I have checked the company law act relevant in Ireland - 1963? - and done some google searches, but cannot find a satisfactory answer to this question for Ireland. Any help would be appreciated.

What laws, or codes of practice, if any exist in Ireland to determine the level of independence a company auditor must have from the directors of the company they are auditing?

For example, could an employee of the auditing company (or former employee) be a director of the company they're auditing? Or what about the auditor being in the same building as the company they're auditing? Or if they're paying rent to a company which is an associated company (same directors) as the company they're auditing? Would any of these points create a conflict of interest which should prevent that auditor from auditing said company?


----------



## Dowee (18 Jun 2007)

I don't think you'll find what you are looking for in The Companies Acts, below is an extract from an ethics standards (APB ES 1 Integrity, Objectivity and Independence) it lists potential threats to independence you should find most of what you are looking for that standard.

self-interest threat
 	 	A self-interest threat arises when auditors have financial or other interests which might cause them to be reluctant to take actions that would be adverse to the interests of the audit firm or any individual in a position to influence the conduct or outcome of the audit (for example, where they have an investment in the client, are seeking to provide additional services to the client or need to recover long-outstanding fees from the client).

self-review threat
 	 	A self-review threat arises when the results of a non-audit service performed by the auditors or by others within the audit firm are reflected in the amounts included or disclosed in the financial statements (for example, where the audit firm has been involved in maintaining the accounting records, or undertaking valuations that are incorporated in the financial statements). In the course of the audit, the auditors may need to re-evaluate the work performed in the non-audit service. As, by virtue of providing the non-audit service, the audit firm is associated with aspects of the preparation of the financial statements, it may be (or may be perceived to be) unable to take an impartial view of relevant aspects of those financial statements.

management threat
 	 	A management threat arises when the audit firm undertakes work that involves making judgments and taking decisions, which are the responsibility of management (for example, where it has been involved in the design, selection and implementation of financial information technology systems). In such work, the audit firm may become closely aligned with the views and interests of management and the auditors' objectivity and independence may be impaired, or may be perceived to be, impaired.

advocacy threat
 	 	An advocacy threat arises when the audit firm undertakes work that involves acting as an advocate for an audit client and supporting a position taken by management in an adversarial context (for example, by acting as a legal advocate for the client in litigation). In order to act in an advocacy role, the audit firm has to adopt a position closely aligned to that of management. This creates both actual and perceived threats to the auditors' objectivity and independence.

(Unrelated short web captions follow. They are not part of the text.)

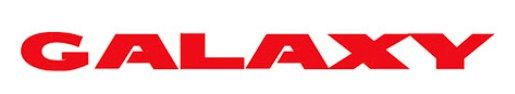 Galaxy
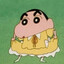 松野树莓松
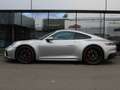 Porsche 992 (911) Carrera GTS Silber - thumbnail 2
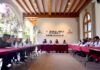 Crecen cifras de vacunación y prevención de salud en Azcapotzalco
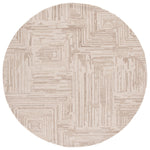 BEIGE / IVORY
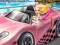 Blondie's Dream Car — free online game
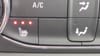 18 thumbnail image of  2023 Chevrolet TrailBlazer RS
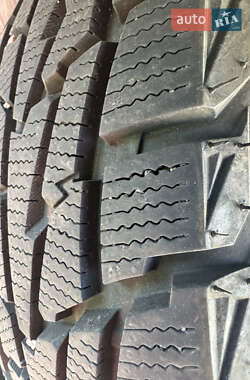 Хэтчбек Hyundai i30 2010 в 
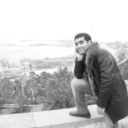 ���������� ����, ���� ������� Tony, 37 ���, ������������ ��� ������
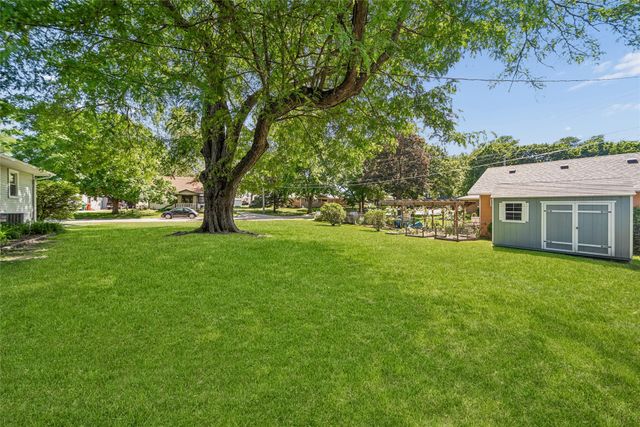 564 SW Goodwin Street, Ankeny, IA 50023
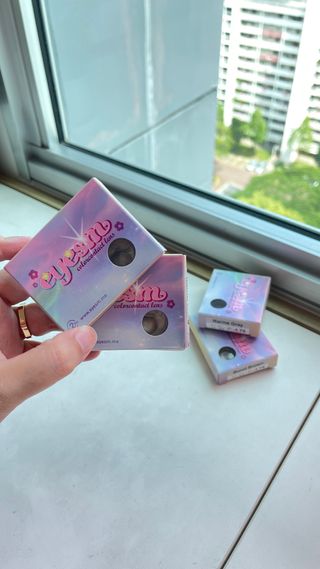 tootyger님이 올린 리뷰 사진 1
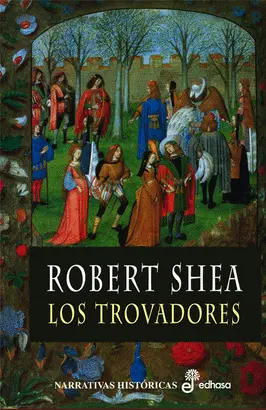 OFERTA - TROVADORES, LOS
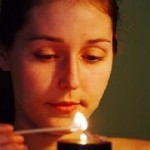 MSca-mindfulness-candle-MH900442466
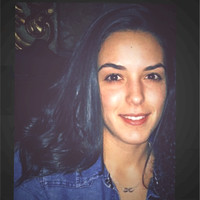 Gabrielle A.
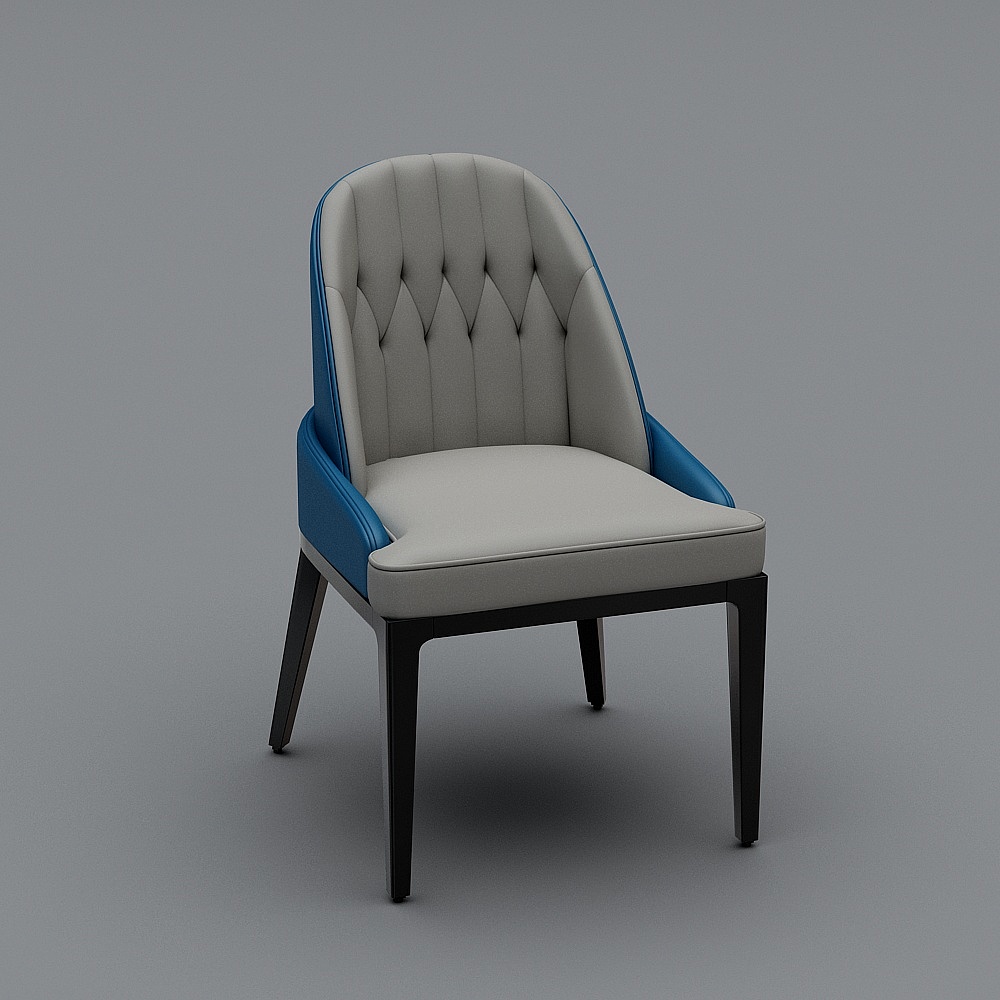 Dining chair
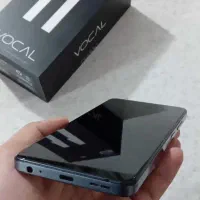 وکال v11|موبایل|ارومیه, |دیوار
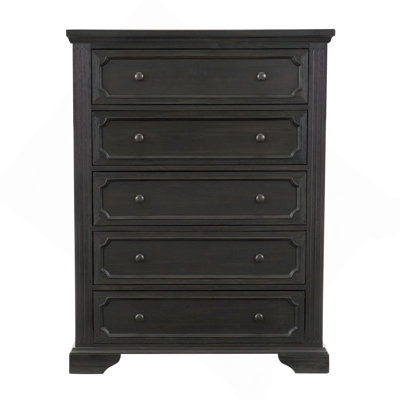 Mobilier de chambre à coucher 1 pièce
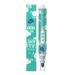 Portable Clothes Stain Removal Pen Cleaning Grease Stain Erase Scouring Decontamination Cleaner Stain-Eraser Non-wash Stain Remover Travel-Sized Cleaner Stain Pen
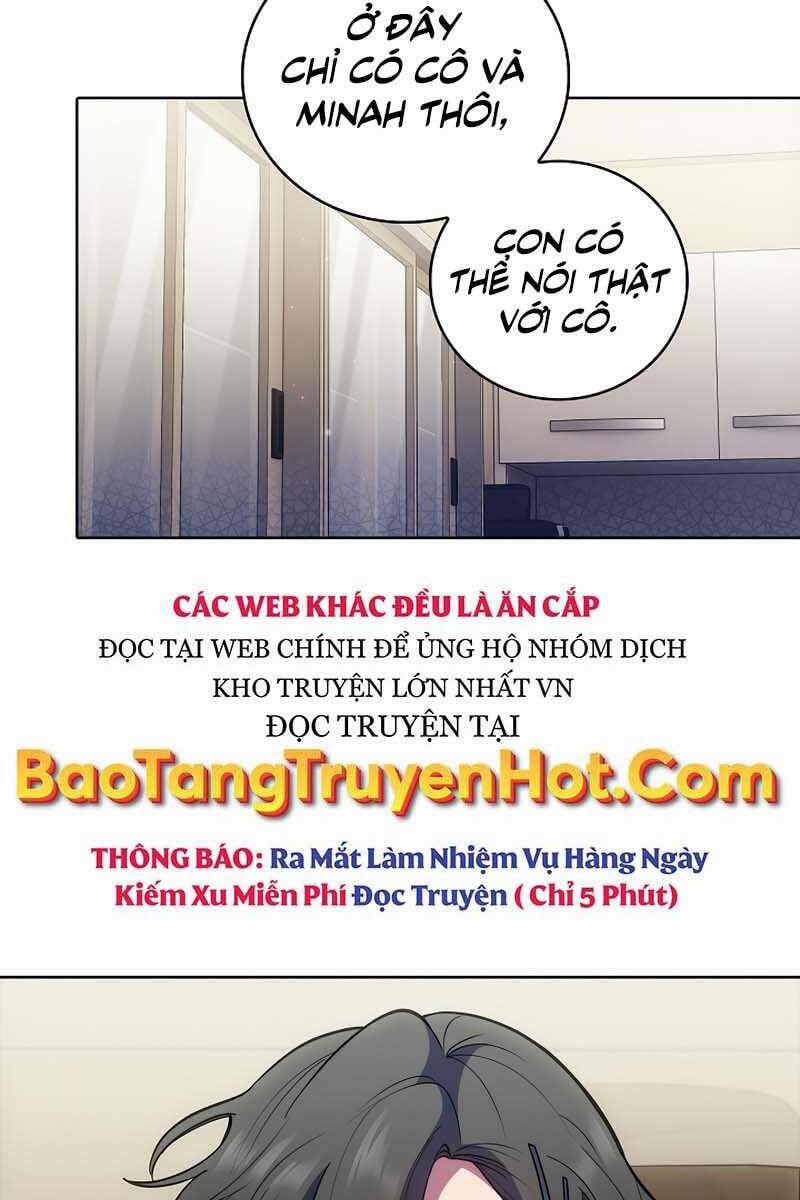 manhwax10.com - Truyện Manhwa Bác Sĩ Thăng Cấp Chương 37 Trang 55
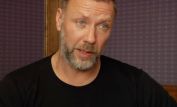 Mikael Persbrandt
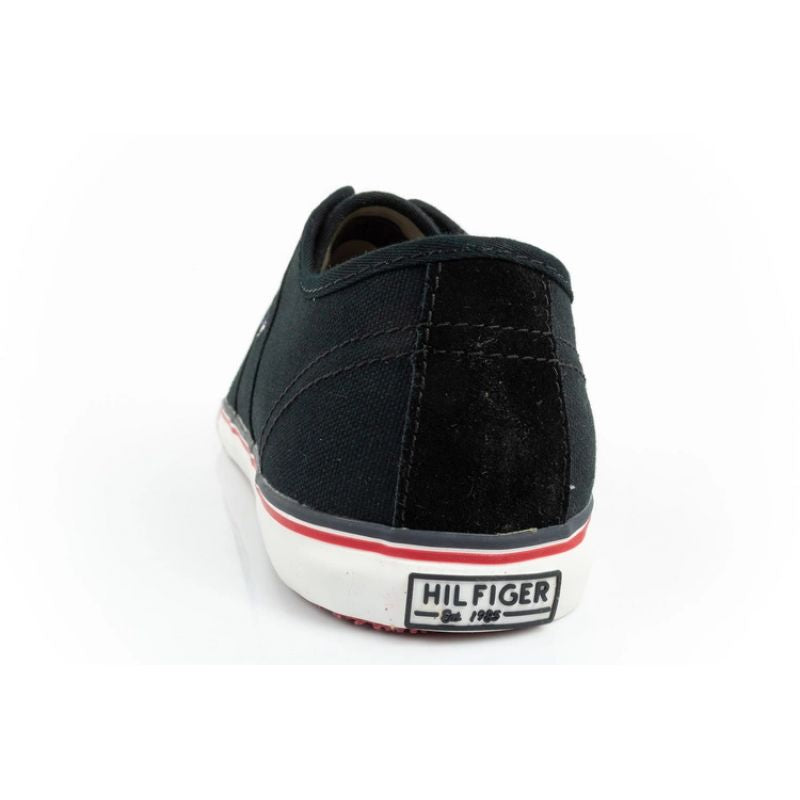Tommy Hilfiger M Shoes férfi FM56816983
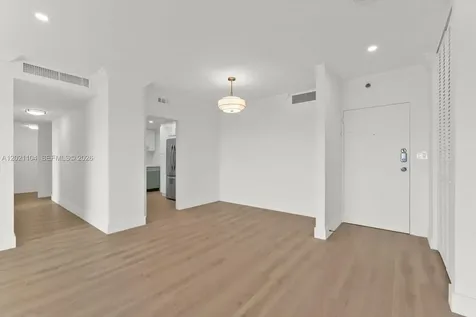 2451 Brickell Avenue Miami FL 33129
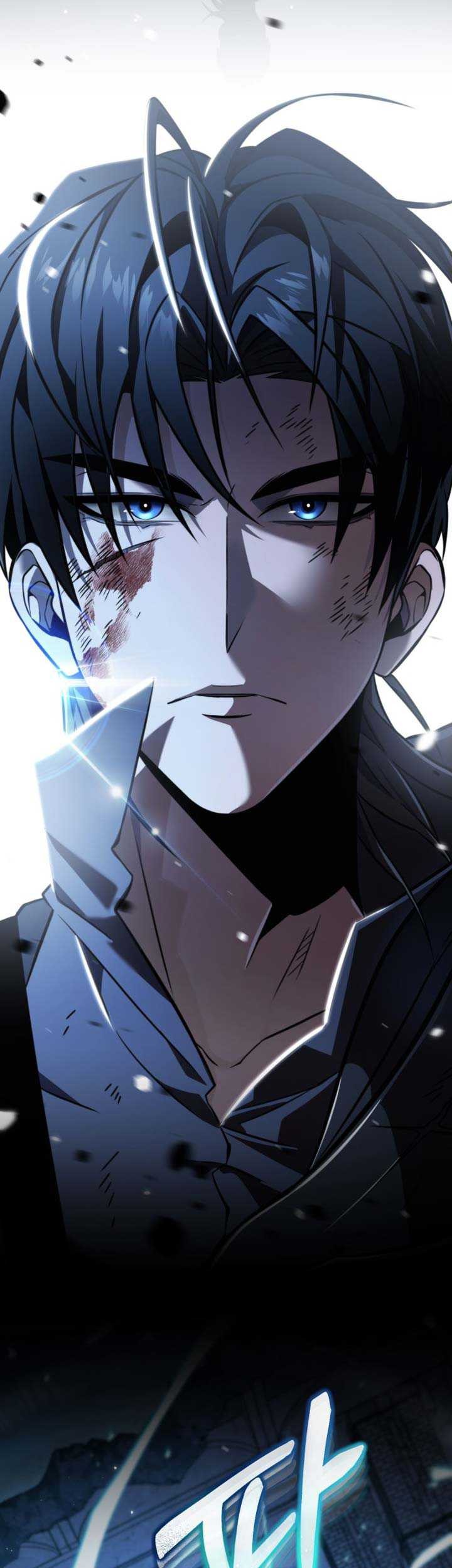 Reincarnator Chapter 0.1 - halaman 90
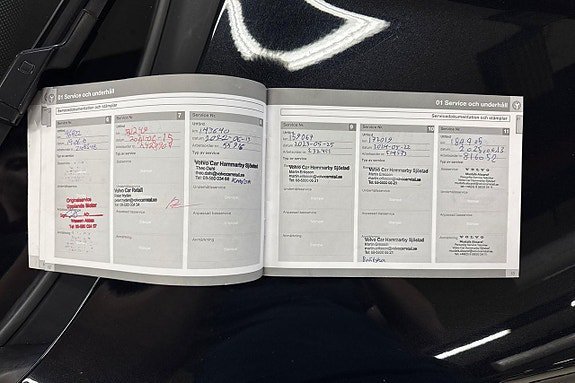 Vehicle Image 31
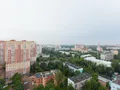 ЖК «Ареал». Вид с 22 этажа. Фото от 14.07.2017 г.
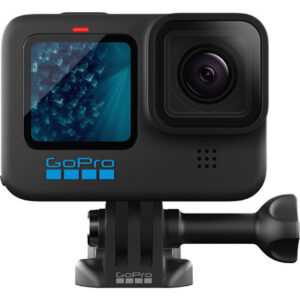 video camera equipment rental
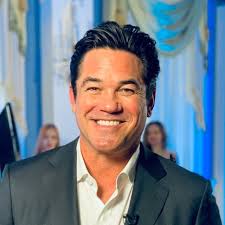 Dean Cain (@deuces1966) • Instagram photos and videos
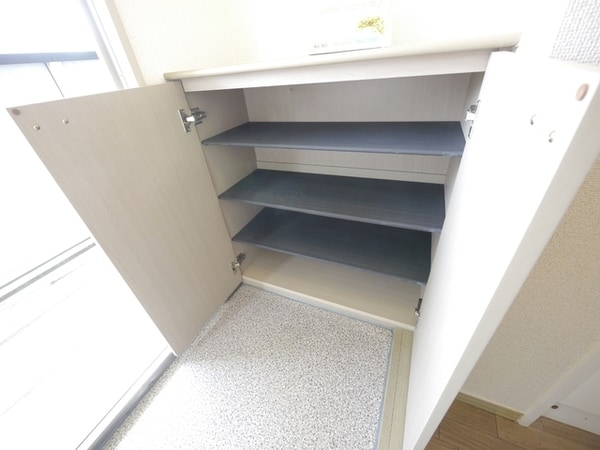 設備(★お部屋探しは、タウンハウジング多摩センター店へ★)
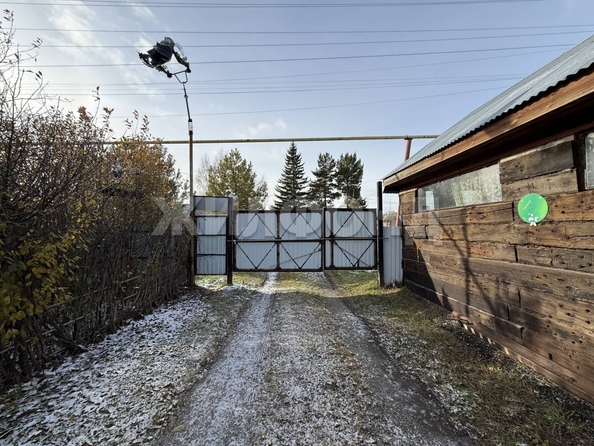 
  Продается дом 80.9 м². Фото 14.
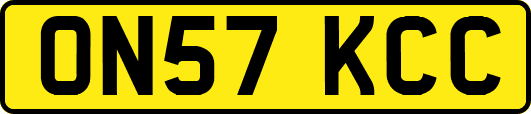 ON57KCC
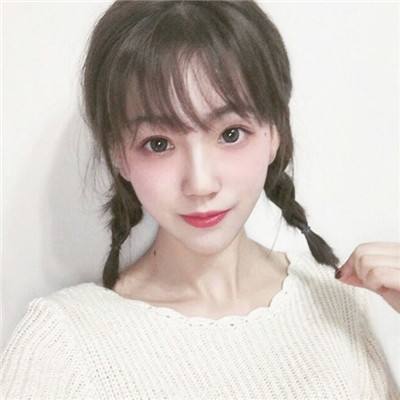 步步生官游戏(暂未上线)v2.0 安卓版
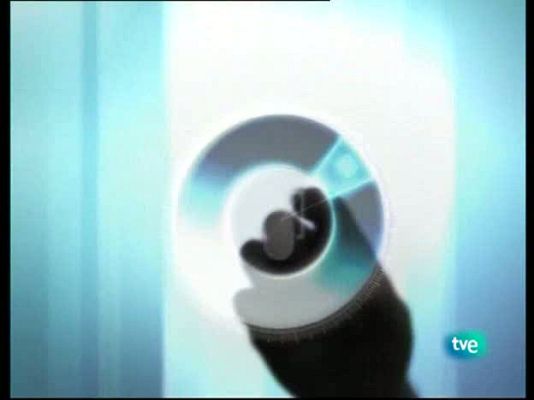 Loterías - Lotería nacional - 03/07/10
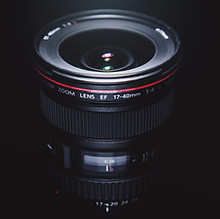 lens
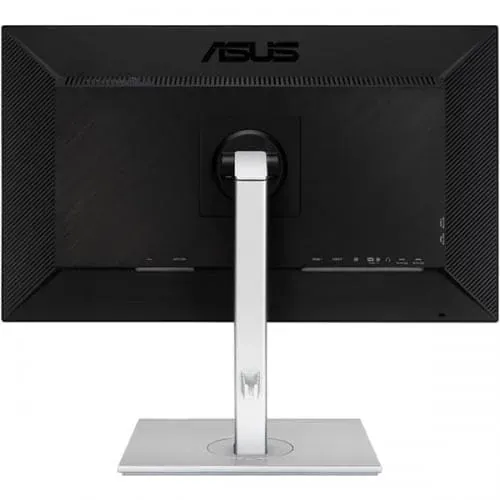 Monitor Profesional ASUS ProArt PA279CV – Precizie și Calibrare de Top - Imagine 6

familiarity (or trust) threat
 	 	A familiarity (or trust) threat arises when the auditors are predisposed to accept or are insufficiently questioning of the client's point of view (for example, where they develop close personal relationships with client personnel through long association with the client).

intimidation threat
 	 	An intimidation threat arises when the auditors' conduct is influenced by fear or threats (for example, where they encounter an aggressive and dominating individual).


----------



## Graham_07 (18 Jun 2007)

Section 187(2) of the Companies Act 1990 outlines certain persons who may not act as auditor of a company :-

2) None of the following persons shall be qualified for appointment as auditor of a company—
( _a_ ) an officer or servant of the company,
( _b_ ) a person who has been an officer or servant of the company within a period in respect of which accounts would fall to be audited by him if he were appointed auditor of the company.
( _c_ ) a parent, spouse, brother, sister or child of an officer of the company,
( _d_ ) a person who is a partner of or in the employment of an officer of the company,.
( _e_ ) a person who is disqualified under this subsection for appointment as auditor of any other body corporate that is a subsidiary or holding company of the company or a subsidiary of the company's holding company, or would be so disqualified if the body corporate were a company,
( _f_ ) a person who is disqualified under _subsection (3)_ for appointment as a public auditor of a society that is a subsidiary or holding company of the company or a subsidiary of the company's holding company,
( _g_ ) a body corporate.


----------



## Humpback (19 Jun 2007)

Many thanks folks.

Basically from what I'm reading there that I wouldn't have a leg to stand on legally based on the examples I've given above if I wasn't happy with what's going on.


----------